Earlier this year the Federal Trade Commission (FTC) issued an in-depth Q&A on its Endorsement Guides, making very clear that any “material connections” between endorsers and a brand must be disclosed alongside an endorsement.  Endorser disclosures are the advertiser’s responsibility, and the FTC will generally pursue the advertiser and its advertising agencies for violations.  This means companies must provide appropriate training to their endorsers, and must monitor their activities.  As a recent FTC letter indicated, doing so can provide great benefit, even when things go awry.

The background is that an FTC complaint charged Machinima, an online multi-channel entertainment network, with violating Section 5 of the FTC Act and misleading consumers because it paid “influencers” to post YouTube videos reporting favorably on Microsoft’s Xbox One video game system and several games, without disclosing that they were being paid for their endorsement.  The program was part of a campaign managed by Microsoft’s advertising agency, Starcom MediaVest Group.  The FTC complaint alleged that, without clear disclosure of the influencers’ material connections, their seemingly objective opinions about the games were misleading to consumers.  The FTC filed a complaint against Machinima and on September 2, 2015, announced that Machinima agreed to settle the charges.

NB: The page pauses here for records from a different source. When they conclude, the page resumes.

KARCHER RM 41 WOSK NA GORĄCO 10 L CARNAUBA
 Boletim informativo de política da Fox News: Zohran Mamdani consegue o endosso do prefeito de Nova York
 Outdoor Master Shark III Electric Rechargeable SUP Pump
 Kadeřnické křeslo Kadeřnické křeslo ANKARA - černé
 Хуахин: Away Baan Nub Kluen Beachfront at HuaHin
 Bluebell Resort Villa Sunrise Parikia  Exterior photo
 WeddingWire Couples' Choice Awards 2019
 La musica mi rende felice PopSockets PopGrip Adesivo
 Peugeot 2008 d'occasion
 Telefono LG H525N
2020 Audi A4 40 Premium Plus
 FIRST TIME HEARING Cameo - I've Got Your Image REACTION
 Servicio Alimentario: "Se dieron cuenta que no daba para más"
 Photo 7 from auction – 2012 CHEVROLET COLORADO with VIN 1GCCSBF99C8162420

Why did the FTC not also charge Microsoft and Starcom MediaVest Group in the complaint?  In a letter addressed to Microsoft and Starcom MediaVest Group dated August 26, 2015, the FTC informed the companies that it decided to close its investigation into their activities.  The letter indicated that while Microsoft and Starcom both were responsible for endorsers’ failure to disclose their material connection to the companies, FTC staff decided to recommend against any enforcement action because the failure of disclosures, (i) appeared to be an isolated incident, (ii) occurred “in spite of, and not in the absence of, policies and procedures designed to prevent such lapses” and (iii) the companies quickly required Machinima to remedy the situation when they learned that the paid endorsers were not making the necessary disclosures.

Companies that utilize endorsers in any capacity (influencers, brand ambassadors, employees, marketing affiliates, etc.) must identify and manage their disclosure requirements.  Doing so could mitigate risk of enforcement action in some cases where endorsers fail to inform consumers of their connection with the brand.  Creating an endorsement policy and closely monitoring members of the brand network are important steps to take.  A good endorsement policy will generally include an explanation of the endorsers’ responsibility to disclose their connection to the brand,  legal and marketing guidelines including examples of acceptable disclosures, and (because objective claims by the company or its endorsers must be substantiated by the company) information about how the endorser may and may not describe the company’s products.  A good policy also requires regular monitoring.  By way of example, the proposed FTC settlement order prohibits Machinima from compensating any influencer who has not made the required disclosures, and requires Machinima to follow up within 90 days of the start of a campaign to ensure the influencers’ disclosures continue to be made.